Some of that criticism lingers in Nashville, Gooch said, but he laughs it off as "silly."
“Addicts are gonna use,” he says with no doubt in his voice. “There ain’t nothing someone else can say — not the news, not Donald Trump, not anybody — that is going to stop an addict from using if they want to use.
But we can try to make it safer.
“That is the thing I think of every day: If I give them needles, I got a shot of them staying healthy enough that one day they might want some help.”

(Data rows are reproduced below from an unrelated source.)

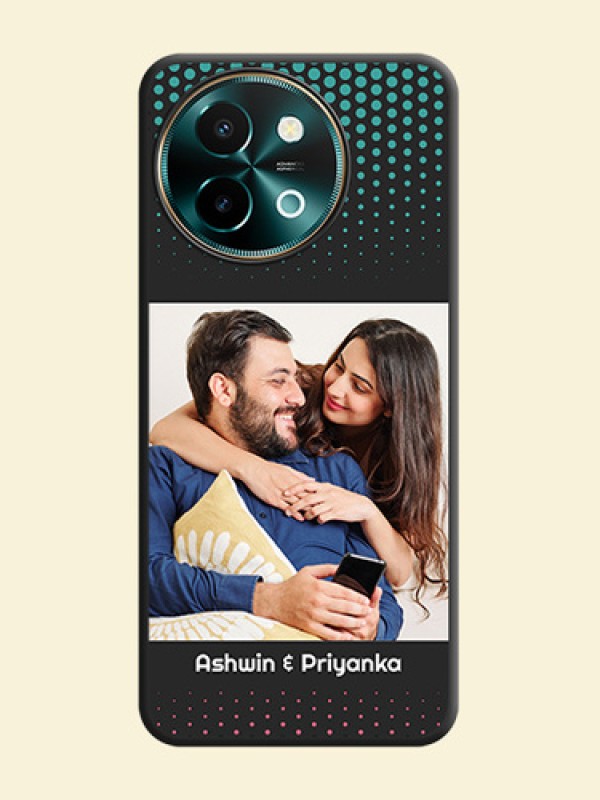 Faded Dots with Grunge Photo Frame and Text On Space Black Custom Soft Matte Mobile Back Cover - Vivo Y58 5G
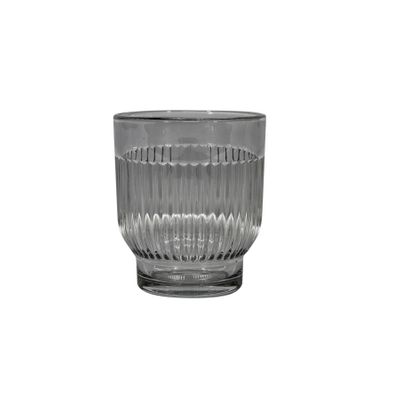 Ceres Ribbed Votive  - H8.5 x Dia7cm - Grey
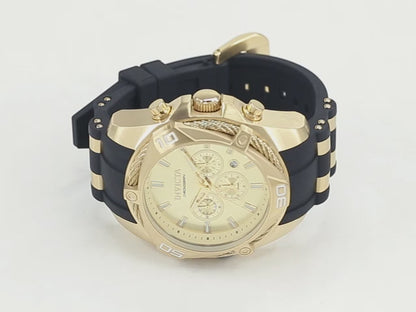 Invicta Men's 50mm Bolt Quartz Chronograph Goldtone Silicone Strap Watch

Before Tennessee law changed last year, Street Works was technically breaking the law by distributing drug paraphernalia, but police and city officials turned a blind eye to their operations, possibly out of sympathy for their cause. The new law, signed last May, instructed the Tennessee Department of Health to consider applications for state-sanctioned syringe programs, which, if approved, could operate with impunity and would receive a small amount of government funding. As of today, state officials have approved only three programs: Positively Living in Knoxville; CEMPA in Chattanooga; and Street Works, Tennessee’s largest syringe exchange.

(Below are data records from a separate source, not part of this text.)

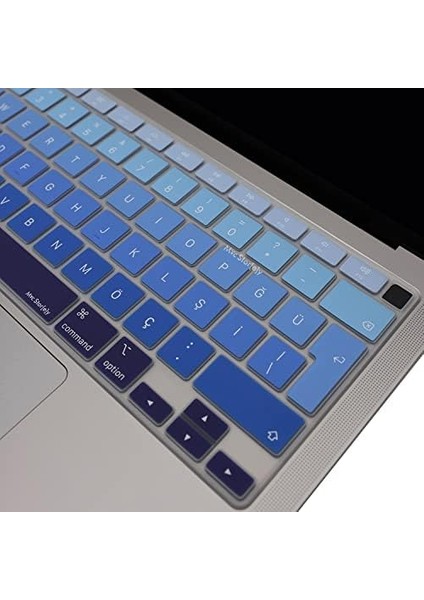 Macbook Air M1 13INÇ Klavye Koruyucu Türkçe Q Ombre A2179 A2337 ile Uyumlu Lacivert Mavi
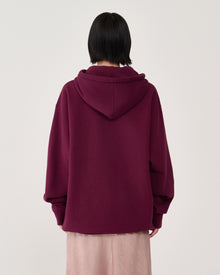Logo zip-up hoodie / Bordeaux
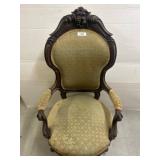 Victorian-Style Wood Armchair With Upholstery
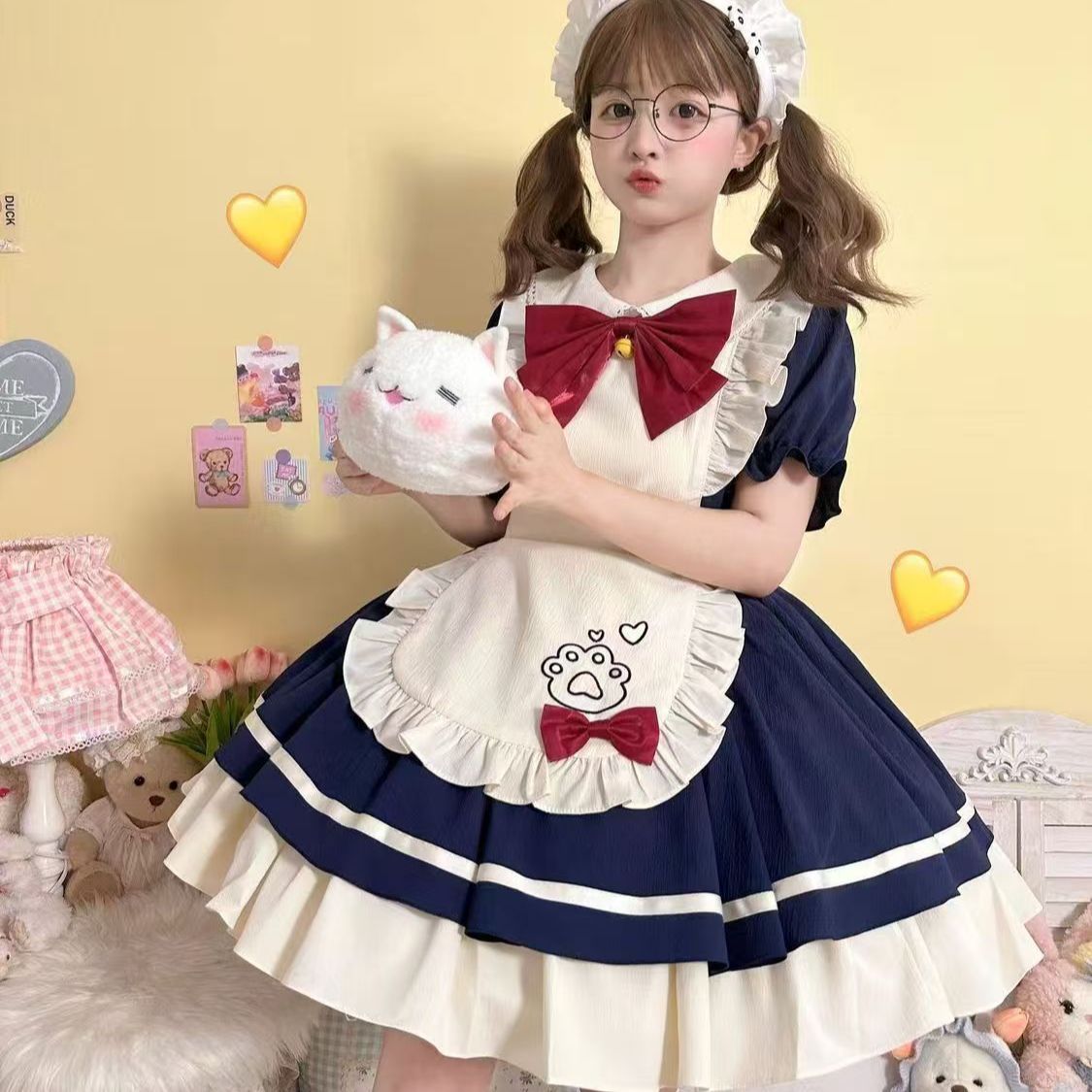 Cat Cafe Maid Sweet Kawaii Lolita OP Dress Plus Size 5XL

But even the largest exchange still isn’t very large. Street Work's program is little more than a closet of supplies, a modified RV, a cell phone that never stops ringing and two men whose lives have been scarred by addiction. Gooch, the program leader, is a former heroin addict who joined Street Works as a volunteer eight years ago. Crawford, who was hired with state funding three months ago, grew up in a neighborhood seeped in heroin and said he has lost three friends to opioid overdoses in the past year.
They both describes Street Works as a calling.

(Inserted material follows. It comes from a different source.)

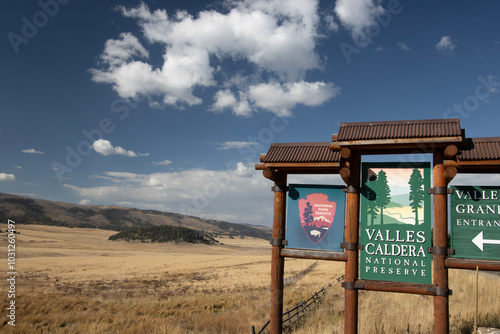 Sign at the entrance to the Valles Caldera National Preserve on a gorgeous day in New Mexico photo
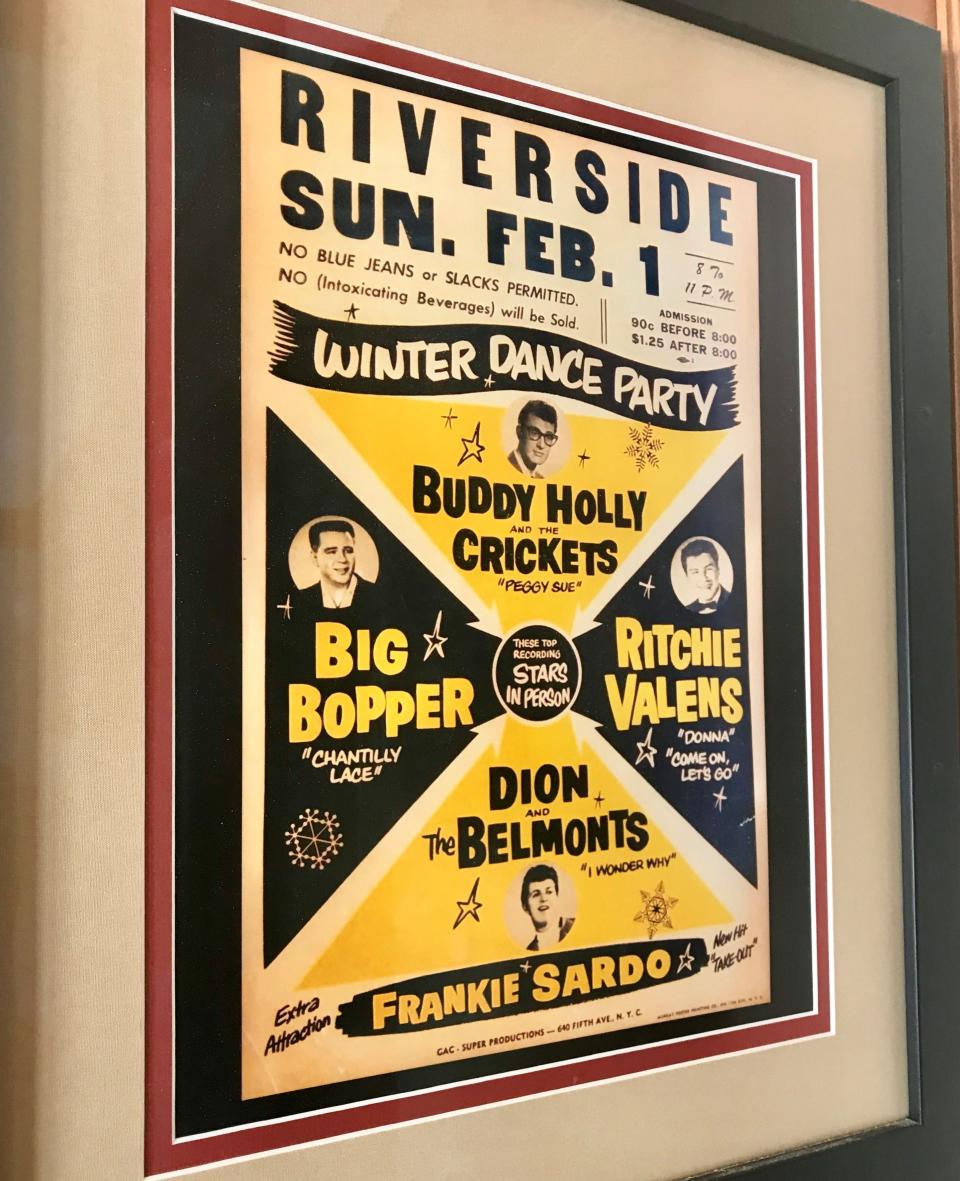 A poster from the 1959 Winter Dance Party hangs in the lobby of the Riverside Ballroom in Green Bay. The cost to get in that night 60 years ago? Ninety cents before 8 p.m.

“This doesn’t feel like a job,” Crawford says, as he hands out syringes. “I don’t wake up on Monday and not want to go to work. Most of the time, I don’t want to go home.”
Free HIV test, dose of Narcan
The syringe exchange generally works like this: Addicts call a dedicated phone number to get the location of the RV, which on most days is handing out syringes somewhere in the city. Anyone who visits the RV can also get a free HIV test or a dose of Narcan, an anti-overdose drug.
From Street Work’s clientele, it’s clear the opioid crisis has snaked its tendrils into all walks of life. Many people assume that all addict are jobless or homeless, but Gooch says knows a teacher who would come get clean needles after school. Crawford knows a lawyer who comes to the RV wearing a suit and driving a Mercedes.
“Some of the people come here, then they go to work, and nobody knows,” Crawford said. “It’s more people than you think.”
Now that the program is legal, Street Works can also collect dirty needles, which are delivered to the Metro Public Health Department, who in turns them over to the state. The nonprofit has also begun handing out a Street Works ID card that specifically quote the new law, designed specifically to be show to a police officer in case they try to confiscate the clean needles as paraphernalia.
But legality has come with its own set of challenges too. Street Works received $45,000 of state funding this year, but per the state law the money can’t be spent on syringes or any exchange supplies. And after years of giving out syringes wherever they were needed, the nonprofit is now required to work only in state-approved locations, which must be at least 1,000 feet from all schools and parks. Street Works received approval to give out syringes in the parking lot of its own headquarters just last month.
That’s where the RV was parked on a Friday morning in May when Chris Hall, an addict in need of needles, came knocking.
Hall, who has visited Street Works about seven times over the past year, said he had witnessed how the syringe exchange has evolved from something “clandestine” to a state-sanctioned program. The transformation, he said, was "long overdue."
“The health implications are ludicrously obvious,” Hall said. “Does the state really want to spend $100,000 on somebody’s hep C treatment? Or support these guys a little bit?”